I will say this again, even though I’m often censored, because I hit hard, even though socialists get to say whatever they want on economic issues, and write endless apologies for Hillary Clinton. Hillary Clinton is on the left, no doubt, but she is an opportunist. She has voted for the Iraq War. Former Obama Secretary of Defense Robert Gates has said that Hillary Clinton is an opportunist. She goad Bill Clinton into the Balkans War, which was the impetus for the fake, phony 2000 promise by George W. Bush that he support a “more humble foreign policy”, and he lied and delivered the exact diametrical opposite of that. That’s what he did. He lied! And Hillary Clinton goaded Obama into the Libya disaster, which was another expensive mistake that cost America money, money we cannot afford, and I presciently told others at the time that that was a mistake and I was correct. Hillary Clinton would not be a DLC moderate, triangulator, and would not compromise with the GOP like Bill did. But there would be more war. And progressive Democrats, who support liberal interventionism, which by the way is what Obama thinks, see e.g. Libya, Syria, Afghanistan, Iraq, etc. That’s what the voters wanted, out of the wars. He was willing to crater his presidency on other issues, so the compromise argument does not work. Wilson, was a liberal interventionist. Truman did Korea. Then there’s LBJ in Vietnam. It might be fine to back a social democrat if there is a going to be very strict policy of non-intervention, but that’s never going to happen. Likewise, it was okay to back a social conservative, if they promise to hold the line on spending, but that never, ever happened. Hence, why the garden variety arguments seem very stale to me, from both left and right.
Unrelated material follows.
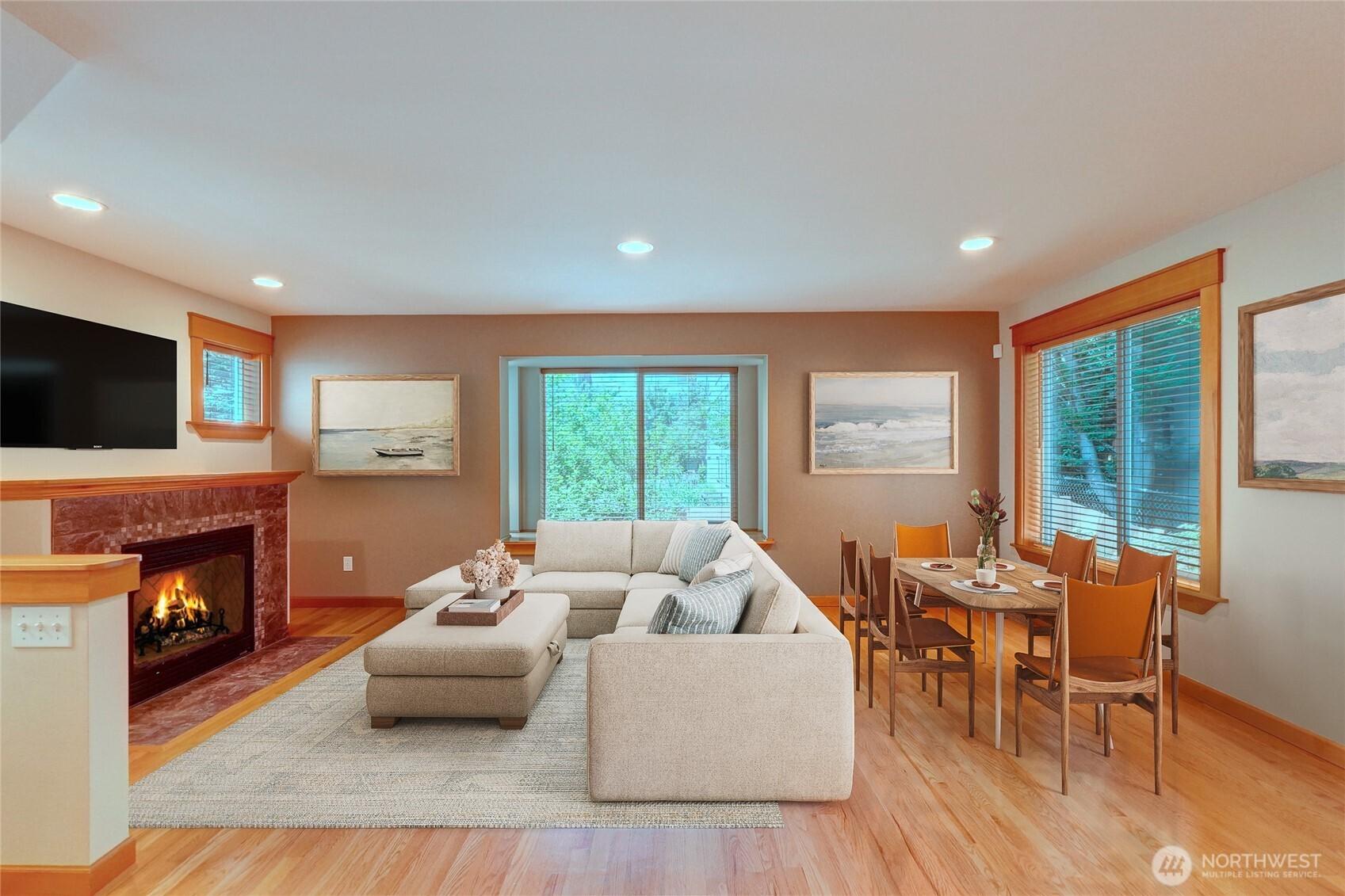 SEATTLE, Washington, 98133, United States, 3 Bedrooms Bedrooms, ,3 BathroomsBathrooms,Residential,For Sale,1890741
#24 Comment By philadelphialawyer On April 30, 2015 @ 1:11 am

“but if accountability to one’s own position matters. none of them have blamed anyone else for their views.”

LOL! So the “Party of Peace” warmongers are better than Hillary because they not only have no excuse to present for their Iraq AUMF votes (or for the rest of their warmongering, which actually manages to exceed hers), but have not even admitted that they were wrong at all!

Not seeing it.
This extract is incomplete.